稀代のリリシストHAIIRO DE ROSSI の通算9 枚目となるアルバム。盟友Pigeondust をエグゼクティブプロデューサーとして迎えOlive Oil という鉄板のメンツから、forte 所属のManakurv、そしてCoga Atsushi, LILZAM 等、新たな才能のビート群も力強くその進化を後押しする。 (C)RS
JMD(2022/08/26)
- 俺たちは生きてる -
稀代のリリシストHAIIRO DE ROSSI の通算9 枚目となるアルバム「Revelation」
盟友Pigeondust をエグゼクティブプロデューサーとして迎えOlive Oil という鉄板のメンツから、forte 所属のManakurv、そしてCoga Atsushi, LILZAM 等、新たな才能のビート群も力強くその進化を後押しする。

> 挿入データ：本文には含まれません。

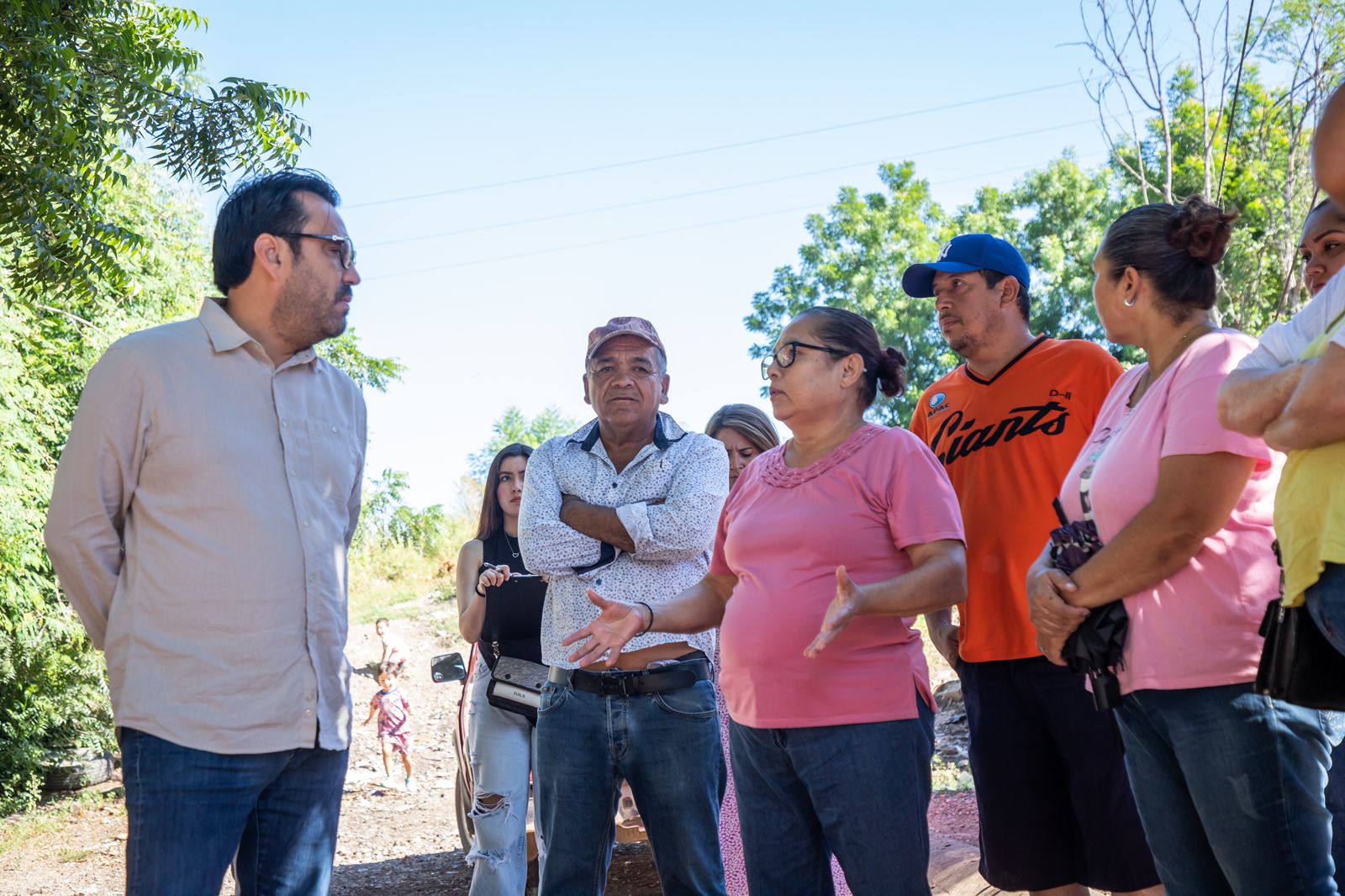 Llegan ‘Diálogos por el Bienestar’ a Jardines de la Sierra, en Culiacán; alcalde promete pavimentación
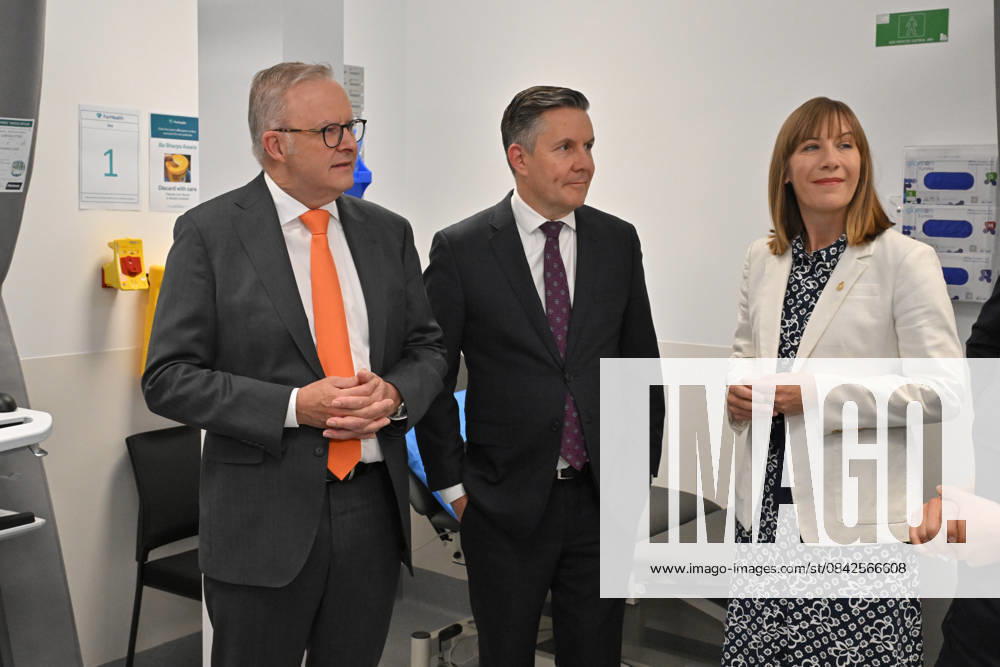 ANTHONY ALBANESE MEDICARE CLINIC VISIT, Prime Minister Anthony Albanese, Minister for Health Mark Butler and NSW Labor local member Jo Haylen visit the newly opened Marrickville Medicare Urgent Care Clinic in Sydney, Thursday, December 11, 2025. ( NO ARCHIVING SYDNEY NEW SOUTH WALES AUSTRALIA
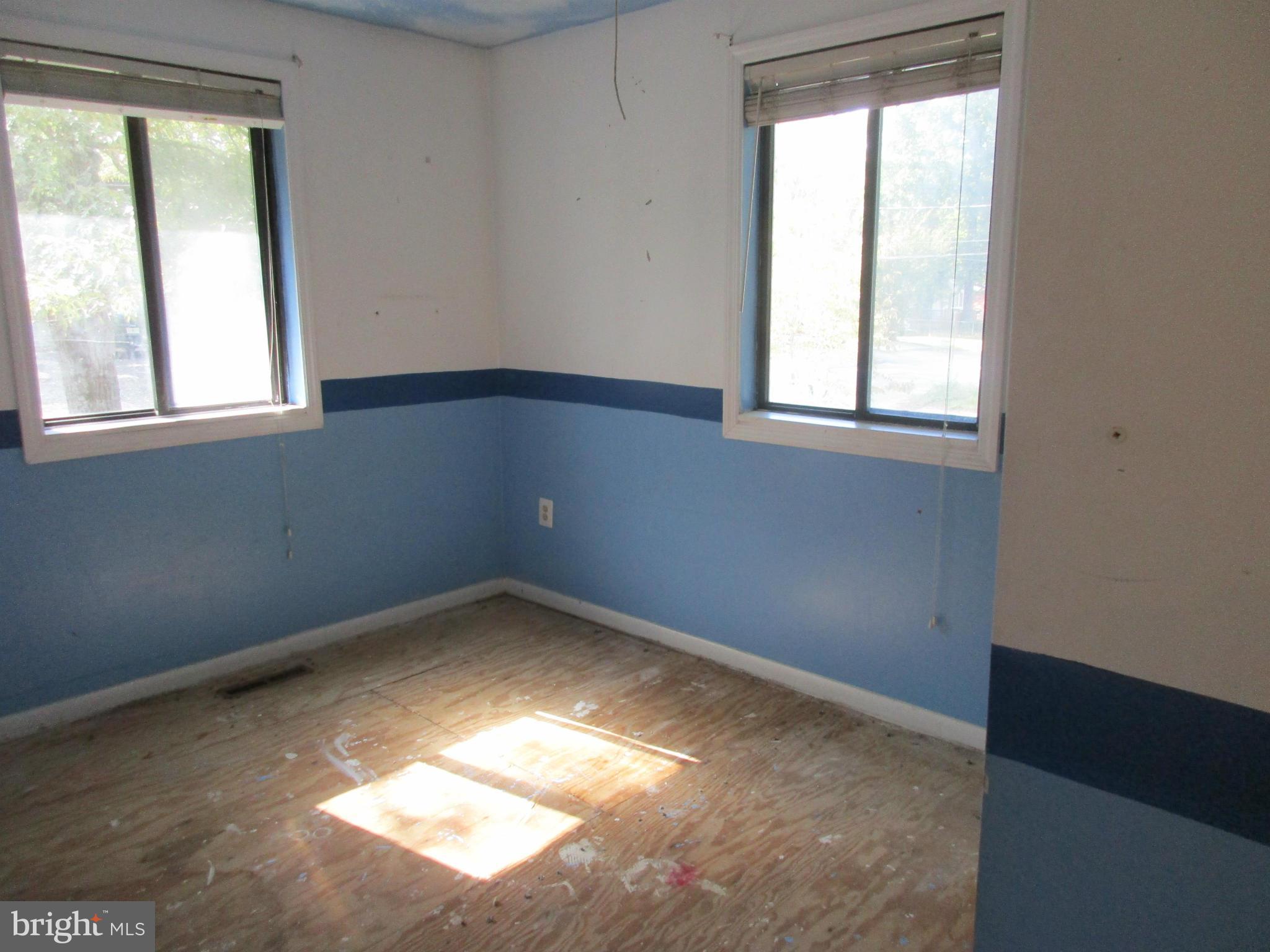 1635 Bay Ridge Road Edgewater, MD 21037 - Photo 6 of 15 an empty room with a window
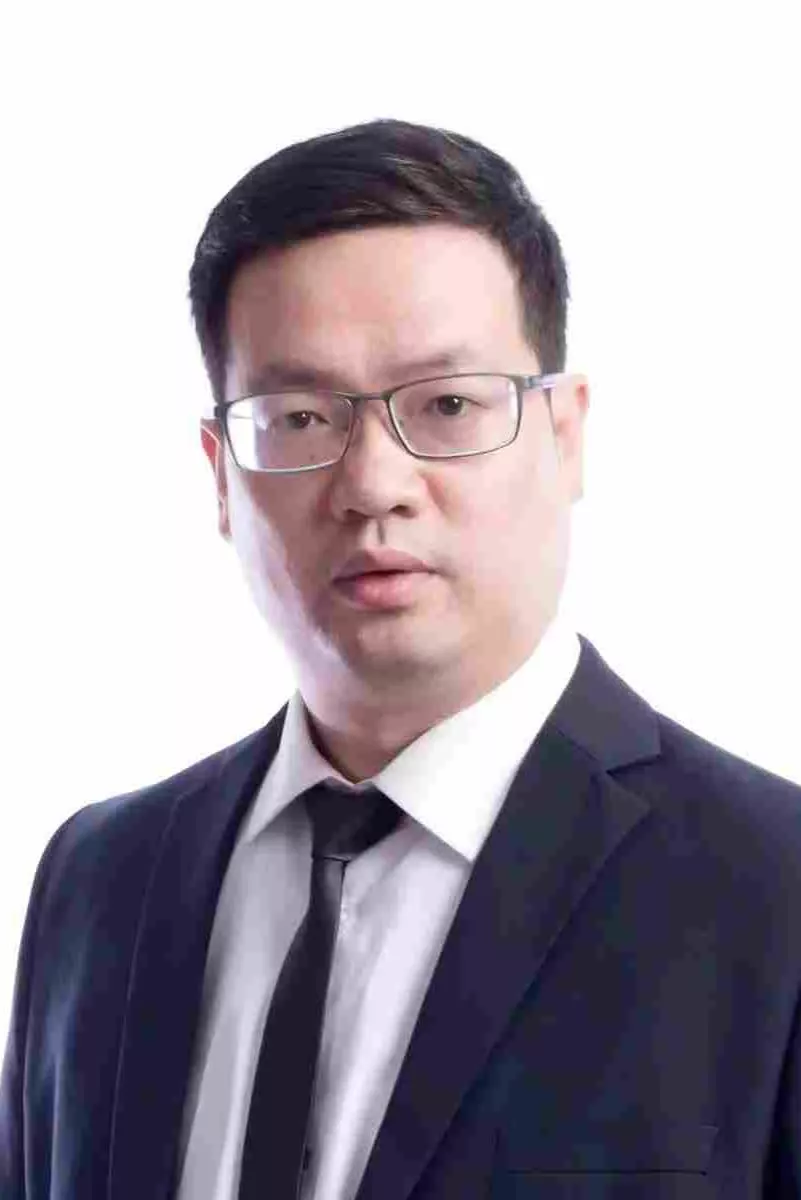 荆杰泰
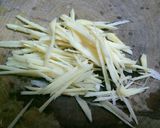 Hình bước làm 3 của món Canh Cải Bẹ Xanh Giò Sống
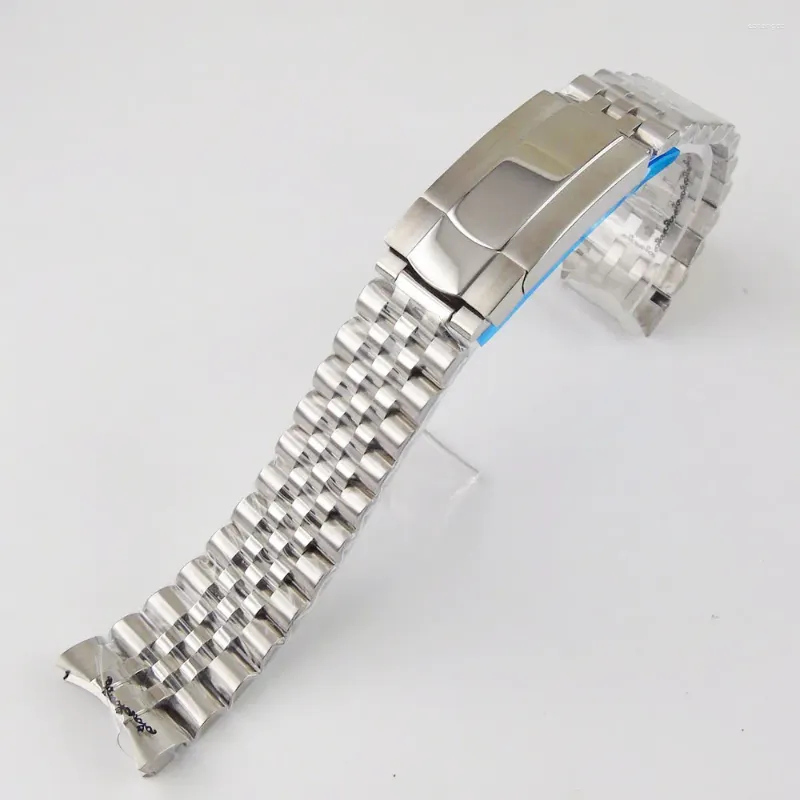 Regardez des bandes de 20 mm de largeur de largeur de bracelet en acier en acier en acier avec fermoir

客演を多数招いた前作から一転、今尚高い人気を誇る楽曲Seasons of Loveで共演したシンガーのTSUNEI のみの客演となった今作のラップは未だかつてないほどにソリッドに仕上がっている。全体のバランスをPigeondust が統括し、差し込まれる音の数々が音楽作品としての強度を上げている。そしてなんと言っても特筆すべきはそのリリックの精度である。現代社会の膿を抉り出すリリックは単にタイムリーや攻撃的なわけでなく、縦横無尽にドライブするフローと共にこの上なくリリカルに紡がれる。幾重にも重ねられたミーニング、繊細で綿密なライミング、そして核心をつくパンチラインの連続。この作品こそ有能なライターや耳の肥えたリスナーの分析が積極的にされるべきだろう。
発売・販売元 提供資料(2022/08/24)
〈これは人生ってキャンバス使ったアート〉("This Is My Life")というリリックの通り、まるでヒップホップにその身を捧ぐ彼の生き様がそのまま刻まれたかのような9作目。盟友のPigeondustをエグゼクティヴ・プロデューサーに迎え、Olive OilやManakurvらも助力したビートのローファイやジャジーに終始しないドープな広がりを、世情への怒りや憂いを鋭く差し込みながら前進する力に転化するリリシズムは本物だ。みずからの闇と病みを内省する"Meets Evil"Sea of Tranquility"を経て、TSUNEIの力強い歌声を含めて厳しくも美しい肯定に満ちた"Self-Respect"、〈俺は楽しく生きる事にした〉と上向きに語る"Love is the Message"へと至る、その道程こそが彼にとっての〈天啓〉か。